— What is required —
Nothing but the line with "thumbnail image 5" and the lines after it should appear, each retyped exactly as in the listing.

— Available data —

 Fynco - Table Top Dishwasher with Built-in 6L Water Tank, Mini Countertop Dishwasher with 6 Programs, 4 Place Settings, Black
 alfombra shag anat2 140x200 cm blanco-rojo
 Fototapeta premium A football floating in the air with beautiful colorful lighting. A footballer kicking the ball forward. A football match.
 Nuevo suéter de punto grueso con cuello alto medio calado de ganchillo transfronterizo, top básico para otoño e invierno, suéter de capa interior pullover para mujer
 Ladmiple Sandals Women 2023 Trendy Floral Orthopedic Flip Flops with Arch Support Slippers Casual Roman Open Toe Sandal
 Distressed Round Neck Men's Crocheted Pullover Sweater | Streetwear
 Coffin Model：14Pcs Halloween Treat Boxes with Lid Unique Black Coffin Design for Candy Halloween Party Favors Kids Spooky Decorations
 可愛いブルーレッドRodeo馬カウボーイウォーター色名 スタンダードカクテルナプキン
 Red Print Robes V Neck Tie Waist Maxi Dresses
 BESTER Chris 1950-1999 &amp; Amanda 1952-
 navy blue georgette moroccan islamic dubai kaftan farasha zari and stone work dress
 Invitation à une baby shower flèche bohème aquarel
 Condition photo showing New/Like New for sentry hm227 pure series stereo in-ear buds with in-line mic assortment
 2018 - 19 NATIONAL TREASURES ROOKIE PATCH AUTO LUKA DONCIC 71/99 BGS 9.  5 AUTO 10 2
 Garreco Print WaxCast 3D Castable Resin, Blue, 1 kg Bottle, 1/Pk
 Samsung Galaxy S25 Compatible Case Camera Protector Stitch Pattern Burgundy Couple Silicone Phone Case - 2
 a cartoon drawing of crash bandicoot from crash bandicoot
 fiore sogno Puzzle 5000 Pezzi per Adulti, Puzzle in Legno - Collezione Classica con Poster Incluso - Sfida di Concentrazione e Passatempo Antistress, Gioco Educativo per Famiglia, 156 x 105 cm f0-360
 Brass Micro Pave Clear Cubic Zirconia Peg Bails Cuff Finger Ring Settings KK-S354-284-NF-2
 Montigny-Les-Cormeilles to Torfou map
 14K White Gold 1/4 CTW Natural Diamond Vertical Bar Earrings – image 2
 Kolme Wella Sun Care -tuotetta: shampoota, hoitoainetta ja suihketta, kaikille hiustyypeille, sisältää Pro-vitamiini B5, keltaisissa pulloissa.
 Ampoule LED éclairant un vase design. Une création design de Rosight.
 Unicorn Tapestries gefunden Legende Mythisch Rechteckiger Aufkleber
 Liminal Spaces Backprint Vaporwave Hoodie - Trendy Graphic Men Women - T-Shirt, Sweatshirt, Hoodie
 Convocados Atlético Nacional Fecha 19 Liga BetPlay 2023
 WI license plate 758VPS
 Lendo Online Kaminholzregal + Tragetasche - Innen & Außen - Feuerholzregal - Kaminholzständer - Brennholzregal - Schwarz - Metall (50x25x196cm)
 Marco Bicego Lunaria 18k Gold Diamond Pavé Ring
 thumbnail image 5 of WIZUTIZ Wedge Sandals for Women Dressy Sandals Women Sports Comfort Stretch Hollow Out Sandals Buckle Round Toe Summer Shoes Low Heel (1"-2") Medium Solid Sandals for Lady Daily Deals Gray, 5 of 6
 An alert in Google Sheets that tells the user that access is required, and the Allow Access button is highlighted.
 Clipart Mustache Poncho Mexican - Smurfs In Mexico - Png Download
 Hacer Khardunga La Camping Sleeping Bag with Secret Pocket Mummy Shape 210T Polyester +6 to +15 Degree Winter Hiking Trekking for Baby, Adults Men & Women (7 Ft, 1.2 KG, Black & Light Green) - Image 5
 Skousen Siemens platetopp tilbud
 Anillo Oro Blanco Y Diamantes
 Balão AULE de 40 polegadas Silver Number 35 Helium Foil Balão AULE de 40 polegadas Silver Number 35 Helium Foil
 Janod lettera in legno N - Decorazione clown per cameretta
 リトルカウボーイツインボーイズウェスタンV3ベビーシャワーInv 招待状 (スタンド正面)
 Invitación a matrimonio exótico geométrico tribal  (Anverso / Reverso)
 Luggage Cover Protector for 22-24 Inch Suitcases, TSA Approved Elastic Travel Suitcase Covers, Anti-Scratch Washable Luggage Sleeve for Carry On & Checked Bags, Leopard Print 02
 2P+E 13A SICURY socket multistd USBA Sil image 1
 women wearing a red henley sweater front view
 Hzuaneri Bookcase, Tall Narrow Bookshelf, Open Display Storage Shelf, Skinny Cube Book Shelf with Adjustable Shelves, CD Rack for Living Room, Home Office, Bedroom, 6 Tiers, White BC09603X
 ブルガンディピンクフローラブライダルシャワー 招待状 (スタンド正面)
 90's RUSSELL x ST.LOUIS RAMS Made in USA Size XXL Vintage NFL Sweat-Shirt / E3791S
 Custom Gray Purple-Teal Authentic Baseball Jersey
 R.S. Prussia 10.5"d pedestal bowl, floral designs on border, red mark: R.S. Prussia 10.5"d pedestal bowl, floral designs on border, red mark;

— Solution —
 thumbnail image 5 of WIZUTIZ Wedge Sandals for Women Dressy Sandals Women Sports Comfort Stretch Hollow Out Sandals Buckle Round Toe Summer Shoes Low Heel (1"-2") Medium Solid Sandals for Lady Daily Deals Gray, 5 of 6
 An alert in Google Sheets that tells the user that access is required, and the Allow Access button is highlighted.
 Clipart Mustache Poncho Mexican - Smurfs In Mexico - Png Download
 Hacer Khardunga La Camping Sleeping Bag with Secret Pocket Mummy Shape 210T Polyester +6 to +15 Degree Winter Hiking Trekking for Baby, Adults Men & Women (7 Ft, 1.2 KG, Black & Light Green) - Image 5
 Skousen Siemens platetopp tilbud
 Anillo Oro Blanco Y Diamantes
 Balão AULE de 40 polegadas Silver Number 35 Helium Foil Balão AULE de 40 polegadas Silver Number 35 Helium Foil
 Janod lettera in legno N - Decorazione clown per cameretta
 リトルカウボーイツインボーイズウェスタンV3ベビーシャワーInv 招待状 (スタンド正面)
 Invitación a matrimonio exótico geométrico tribal  (Anverso / Reverso)
 Luggage Cover Protector for 22-24 Inch Suitcases, TSA Approved Elastic Travel Suitcase Covers, Anti-Scratch Washable Luggage Sleeve for Carry On & Checked Bags, Leopard Print 02
 2P+E 13A SICURY socket multistd USBA Sil image 1
 women wearing a red henley sweater front view
 Hzuaneri Bookcase, Tall Narrow Bookshelf, Open Display Storage Shelf, Skinny Cube Book Shelf with Adjustable Shelves, CD Rack for Living Room, Home Office, Bedroom, 6 Tiers, White BC09603X
 ブルガンディピンクフローラブライダルシャワー 招待状 (スタンド正面)
 90's RUSSELL x ST.LOUIS RAMS Made in USA Size XXL Vintage NFL Sweat-Shirt / E3791S
 Custom Gray Purple-Teal Authentic Baseball Jersey
 R.S. Prussia 10.5"d pedestal bowl, floral designs on border, red mark: R.S. Prussia 10.5"d pedestal bowl, floral designs on border, red mark;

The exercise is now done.